Although all species included in our database were forest-dwelling species, we further classified them in two categories, according to their tolerance to disturbances based on the literature (see Emmons and Feer 1997; Souza et al. 2019; IUCN 2019): (i) forest-dependent species, which are those found in non-disturbed forests and most frequently in forest interior, and (ii) disturbance-tolerant species, which comprise those more tolerant to anthropogenic disturbances, occurring frequently in disturbed forests or forest edges. In addition, we classified species into trophic guilds: carnivores, insectivores, frugivores, omnivores and herbivores, following Magioli et al. (2015).

Habitat amount and fragmentation metrics

We extracted patch size (in hectares) from the studies or, when not available, calculated it using Google Earth Pro. We then obtained landscape metrics using the maps from MapBiomas Project– Collection [4, 2019] derived from 30-m resolution Landsat imagery, downloaded from the Brazilian Annual Land Use and Land Cover Mapping Project (available at < http://mapbiomas.org >). For each forest fragment, we used the map corresponding to the last year in which data collection was performed in each study.
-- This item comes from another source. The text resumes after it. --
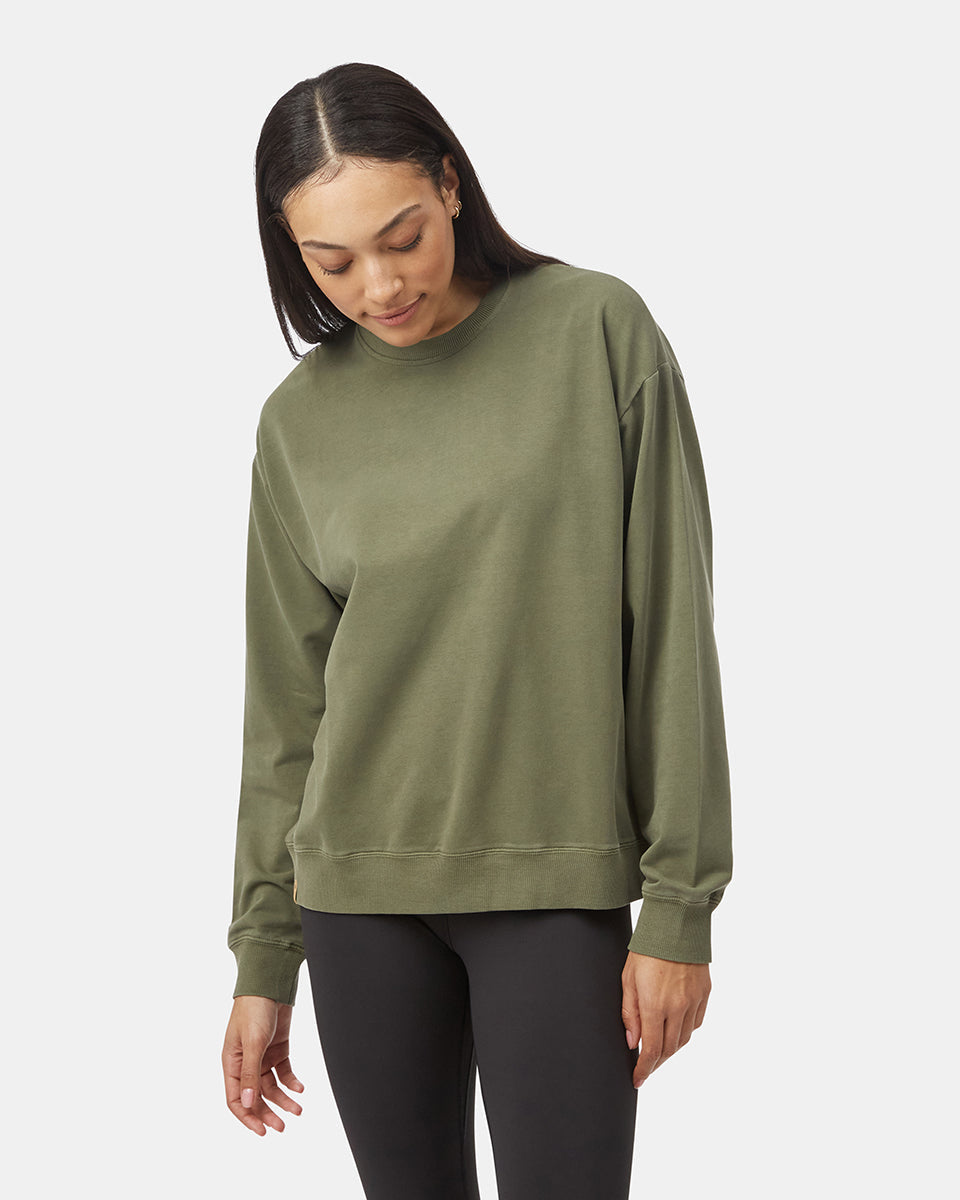 Tentree Women's French Terry Oversized Crew - Olive Night Green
Forest cover was calculated as the proportion of native forest (excluding agroforestry), considering buffers of 0.5, 1, 2, 4 and 6 km radius around each sampling point provided by the study. These scales were selected based on the literature showing that medium and large-sized mammals best respond to landscape characteristics at large scales and according to the species’ dispersal ability (Lyra-Jorge et al. 2010; Beca et al. 2017; Regolin et al. 2017). To test the fragmentation per se effects, we obtained two fragmentation metrics: the edge density, calculated as the total perimeter of all forest fragments divided by the size of the landscape, and the number of forest patches within each landscape. Analyses were performed in R 3.5.2 (R Core Team 2018) and QGIS® software.

Data analysis

We firstly evaluated the scale of effect—the spatial extent at which a certain landscape characteristic has the strongest impact on the dependent variable (Martin and Fahrig 2012; Fahrigh 2013) for each landscape variable. For this, we adjusted Generalized Linear Models (GLM) using the 'Multifit' function (Huais 2018), which automates the selection process at various scales and relates the response variable to each explanatory variable. We then used Akaike's Information Criterion (AIC) to classify the models, selecting the ‘best’ scale as the one showing the lowest AIC. The scale of effects varied between 0. 5, 1, 2 and 4 km, for different metrics (Table S2).
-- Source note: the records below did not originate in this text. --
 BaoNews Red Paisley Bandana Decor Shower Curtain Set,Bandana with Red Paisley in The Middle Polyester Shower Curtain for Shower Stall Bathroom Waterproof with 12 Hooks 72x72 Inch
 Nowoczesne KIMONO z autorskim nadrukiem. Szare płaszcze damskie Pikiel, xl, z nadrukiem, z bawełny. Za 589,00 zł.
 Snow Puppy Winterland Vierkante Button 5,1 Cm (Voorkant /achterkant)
Forest fragments were considered spatially nested within several regions. Using QGIS software, we distinguished regions by combining groups of forest fragments according to the presence of large geographical barriers such as (1) large rivers, belonging to the main hydrographic basins that occur in the Atlantic Forest, (2) mountainous areas, using relief information, and (3) fragments belonging to extensive areas of forest, using Google Earth images. We extracted this information from the Brazilian Institute of Geography and Statistics (IBGE 2017) and Google Earth Pro tools. We transformed patch size values into logarithm (Log10) to homogenize the spread of the data. Due to differences in measurement units between the explanatory variables, we standardized their values by subtracting the mean and dividing by the standard deviation. Although sampling effort varied among surveyed forest fragments, we were unable to obtain this information for most of fragments included in our database. Additionally, different sampling techniques were used among studies, which also implies in different units of sampling effort. Therefore, we were unable to account for sampling effort in the GLMs. We used Variance Inflation Factors (VIF) (Zuur et al. 2009) to verify the collinearity between the explanatory variables. The VIF was always below 3, and, considering the ecological importance of all variables, we kept all of them in further analyses (Dormann et al. 2013) (Table S3).
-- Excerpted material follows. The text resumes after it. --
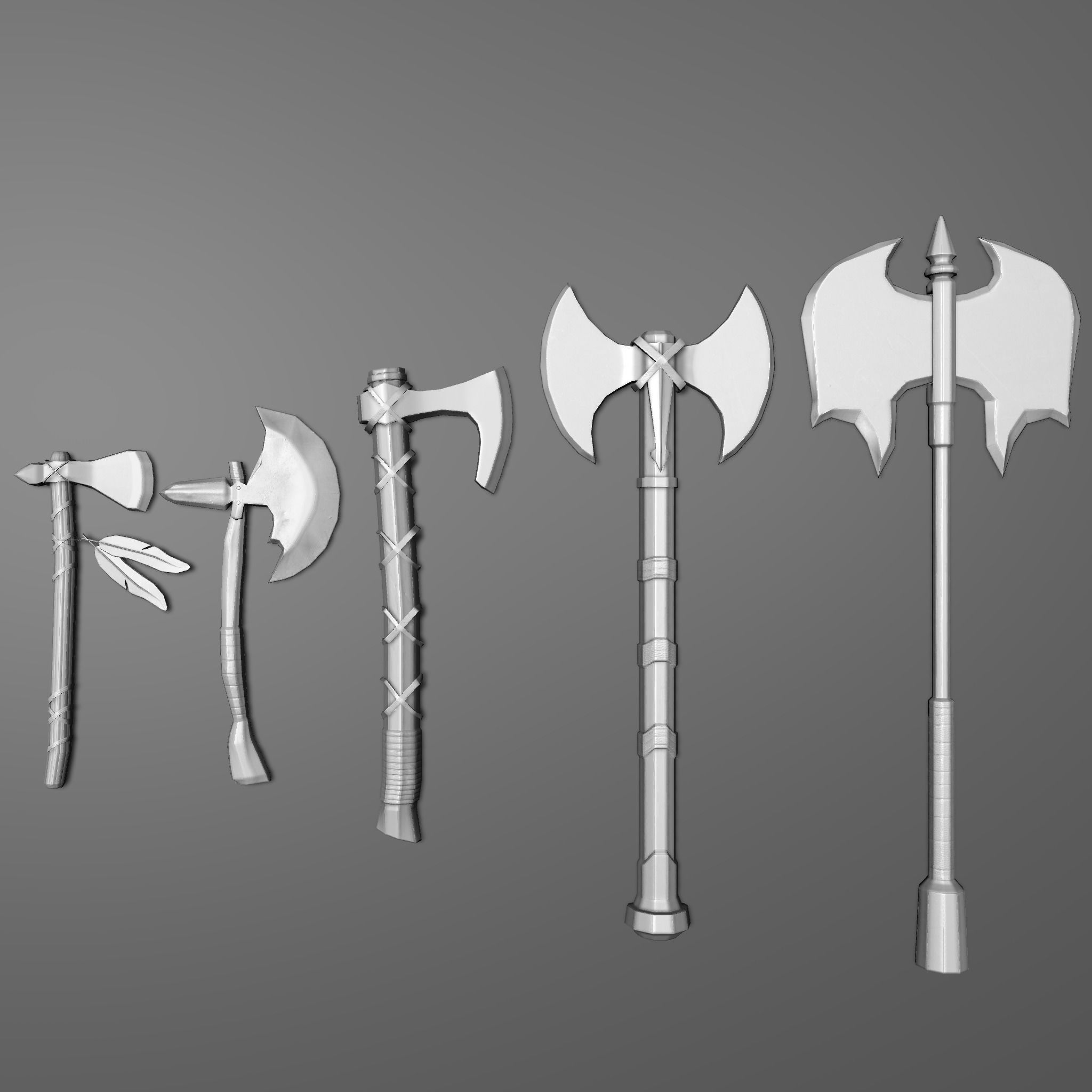 5 Axe Package Low-poly 3D model_3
To test the HAH on mammal richness, we first adjusted GLMs, with negative binomial distribution, containing all explanatory variables (i.e., patch size, forest cover, edge density and number of patches), for each response variable (richness of all species, forest-dependent and disturbance-tolerant species, and different trophic guilds), with no interactions. Subsequently, we verified the residual spatial autocorrelation using Moran's I and semivariograms. As the residuals were spatially autocorrelated, we adjusted Generalized Linear Mixed Models (GLMMs), which are appropriate to control for spatial non-independence (Zuur et al. 2009). Thus, we incorporated the terms 'region' and 'data type' into the models as random factors. The variable 'data type' corresponds to the different data collection methods (camera trap, linear transect or sign surveys). For ‘data type’, we included all methods cited in each study analyzed. We re-evaluated spatial autocorrelation using the same procedure as above, and no further corrections were necessary.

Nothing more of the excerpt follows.